Friday, June 18, 2021

Tatian's Diatessaron and Our Unspeakable Editorial Urges

Growing up in Canada more than 30 years ago now with an interest in literature and theology, I found reading Northrop Frye was de rigueur. I remember nothing of him now except his marvelous throw-away line about the Bible being a "sprawling, tactless book." Indeed it is.

Can you imagine, then, what temptations it poses if you are some aspiring scribe and editor in the late second century who thinks that at least the gospels could withstand a good going-over? Perhaps you are unusually bothered, or the people of your community confused, by what you and they see as myriad repetitions, lacunae, and inconsistencies? What harm might there be in picking up your Red Redacting Stylus and tidying up Matthew, Mark, Luke, and John (inter alia)? 

Many Christians today are recoiling in horror at these very questions, but are only able to do so with the benefit of living after the "canon question" was settled, and more recently after centuries of fights about scriptural inerrancy, infallibility, and other talismanic phrases pounded into their heads. Put all that aside for a time and spare a thought for Tatian the Assyrian and his efforts with the singularly synthesized gospel we know as the Diatessaron, newly studied in Tatian's Diatessaron: Composition, Redaction, Recension, and Reception by James W. Barker (Oxford UP, November 2021), 168pp.

About this book the publisher tells us this:

In the late-second century, Tatian the Assyrian constructed a new Gospel by intricately harmonizing Matthew, Mark, Luke, and John. Tatian's work became known as the Diatessaron, since it was derived 'out of the four' eventually canonical Gospels. Though it circulated widely for centuries, the Diatessaron disappeared in antiquity. Nevertheless, numerous ancient and medieval harmonies survive in various languages. Some texts are altogether independent of the Diatessaron, while others are definitely related. Yet even Tatian's known descendants differ in large and small ways, so attempts at reconstruction have proven confounding. In this book James W. Barker forges a new path in Diatessaron studies.

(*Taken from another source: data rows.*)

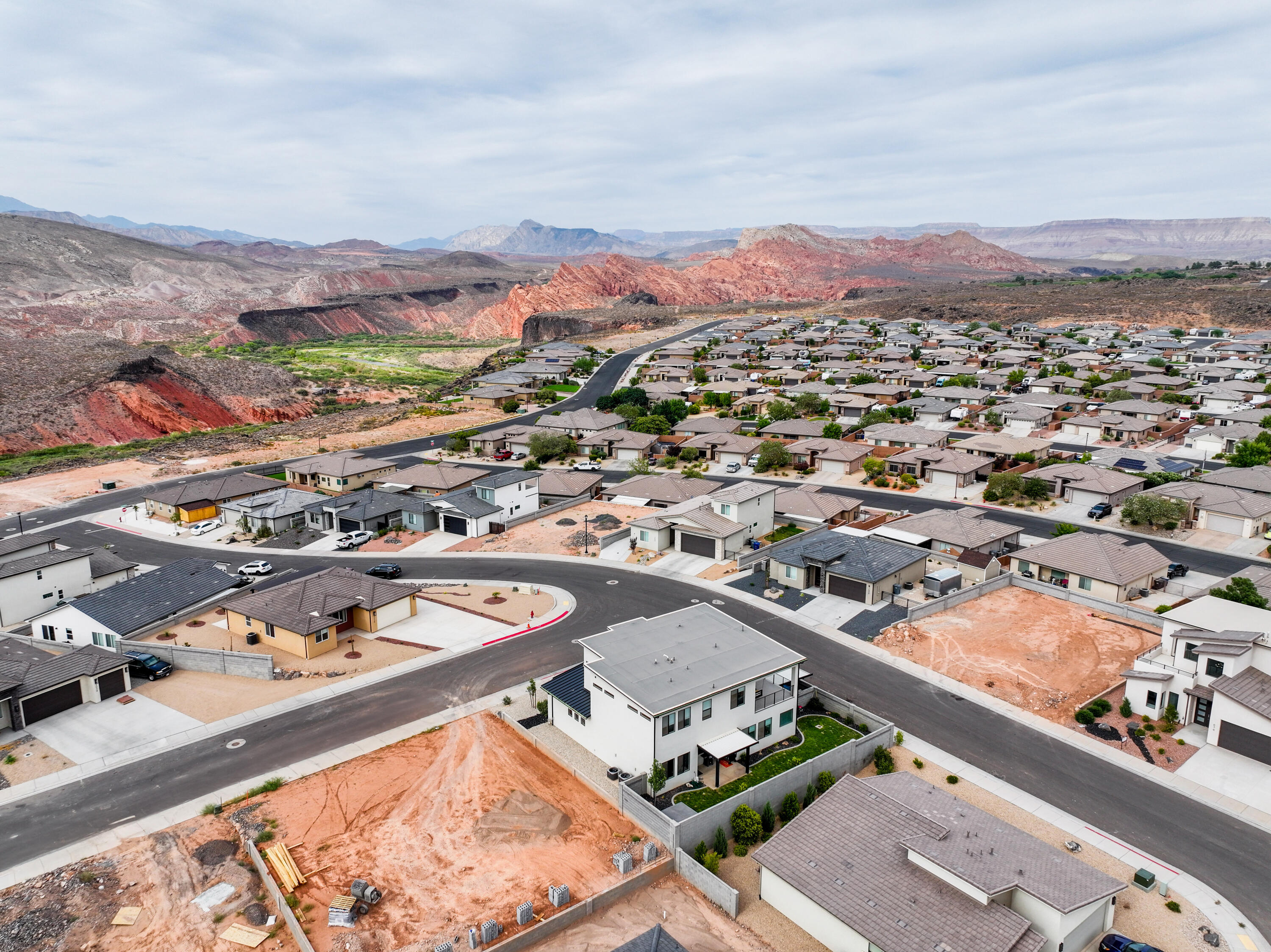 PEREGRINE POINTE WEST - Residential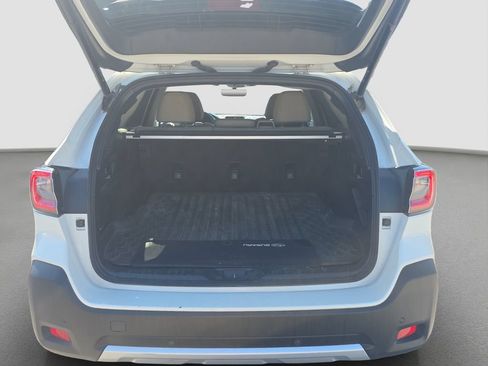 Used 2024 Subaru Outback Limited AWD/4WD image 17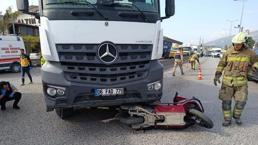 Hatay’da kamyonun altında kalarak ezilen motosikletin sürücüsü hayatını kaybetti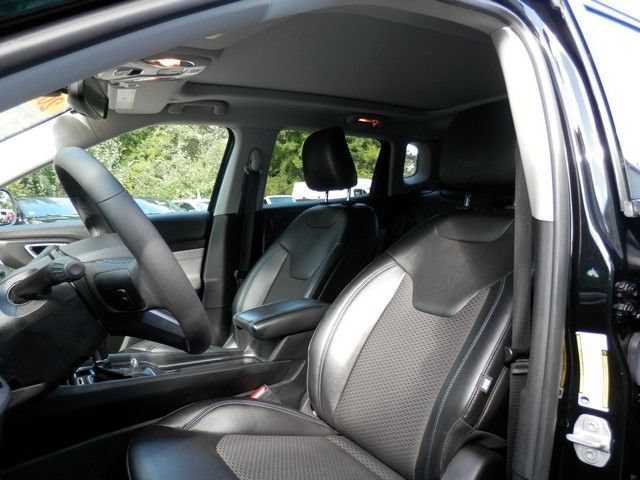 Used 2022 Jeep Compass Latitude w/ Sun and Sound Group AWD/4WD image 18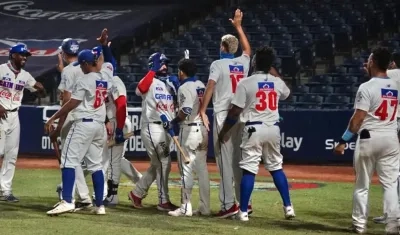 Sandy León celebra con sus compañeros luego del cuadrangular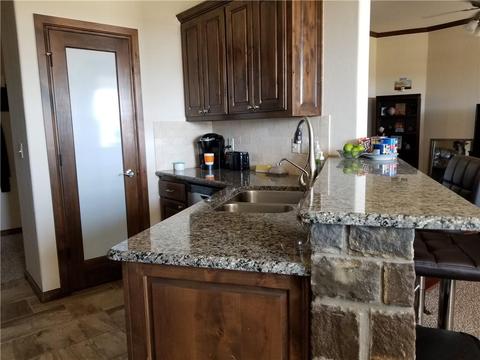 2111 E Sooner Rd, Tuttle, OK 73089 photo 4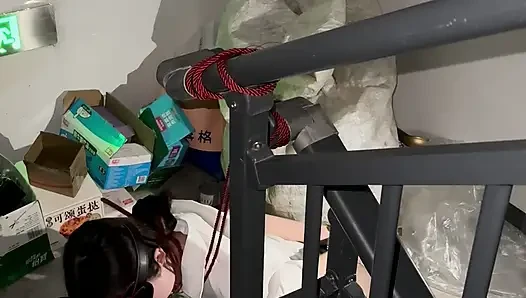 Наказание на улице для восстания дисциплины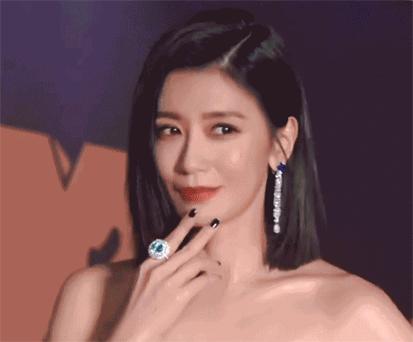 42岁冻龄女星光彩夺目,40岁冻龄女星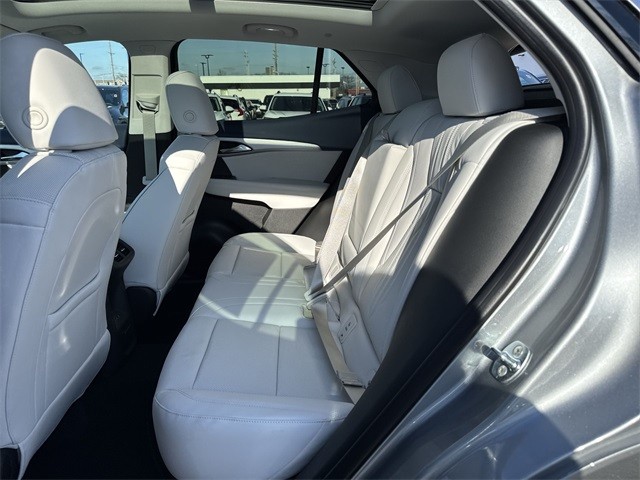 Buick Envision Vehicle Full-screen Gallery Image 23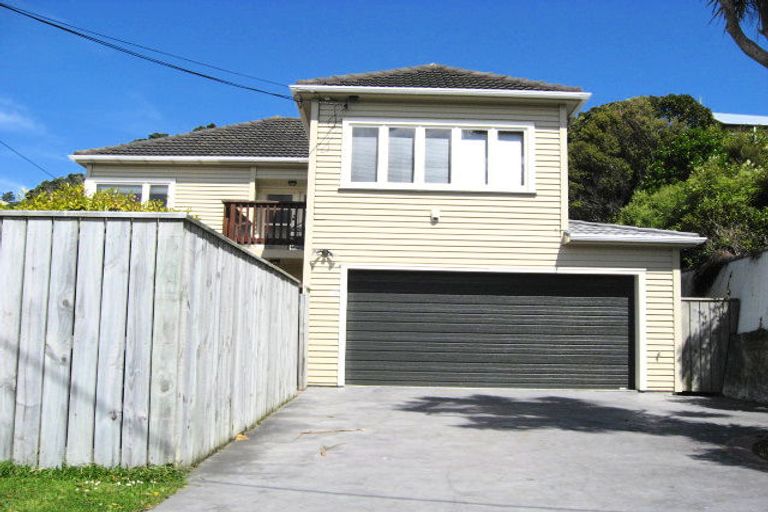 Photo of property in 23 Clutha Avenue, Khandallah, Wellington, 6035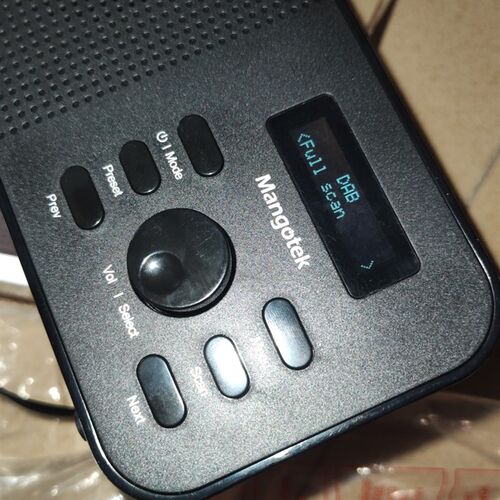 数字fm dab 收音机。便携式电池数字显示收音机支持tab收音机 fm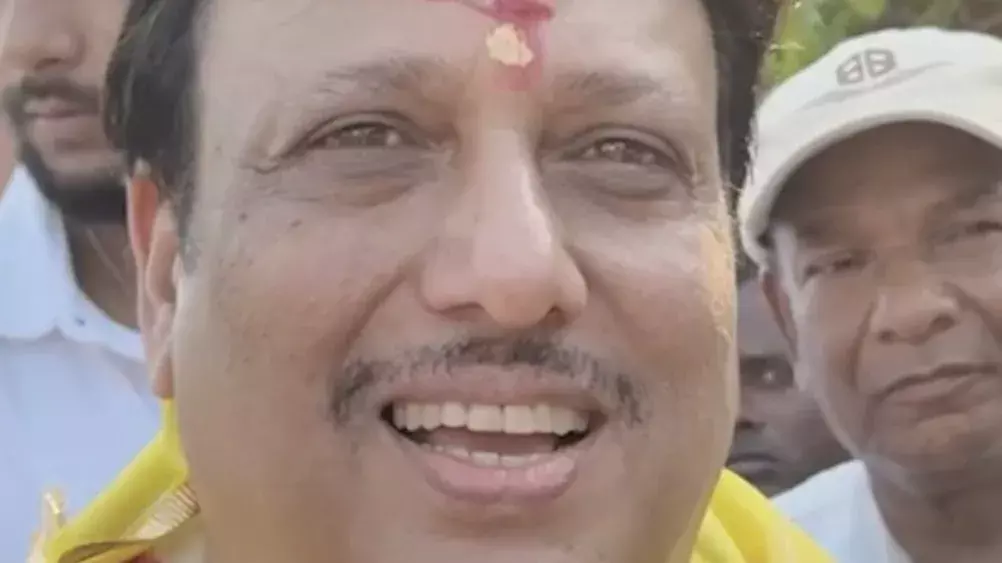 गोविंदा ने मनाया दशहरा: जगन्नाथ मंदिर में की पूजा-अर्चना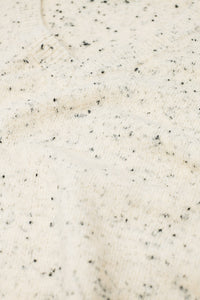 Camisola com decote em V de tamanho grande em creme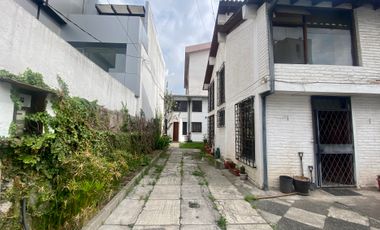 Casa de venta junto al Estadio Olímpico Atahualpa (excelente precio)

Covering the widest array of manuscript evidence to date, Tatian's Diatessaron reconstructs the compositional and editorial practices by which Tatian wrote his Gospel. By sorting every extant witnesses according to its narrative sequence, the macrostructure of Tatian's Gospel becomes clear. Despite many shared agreements, there remain significant divergences between eastern and western witnesses. This book argues that the eastern ones preserve Tatian's order, whereas the western texts descend from a fourth-century recension of the Diatessaron. Victor of Capua and his scribe used the recension to produce the Latin Codex Fuldensis in the sixth century. More controversially, Barker offers new evidence that late medieval texts such as the Middle Dutch Stuttgart harmony independently preserve traces of the western recension. This study uncovers the composition and reception history behind one of early Christianity's most elusive texts.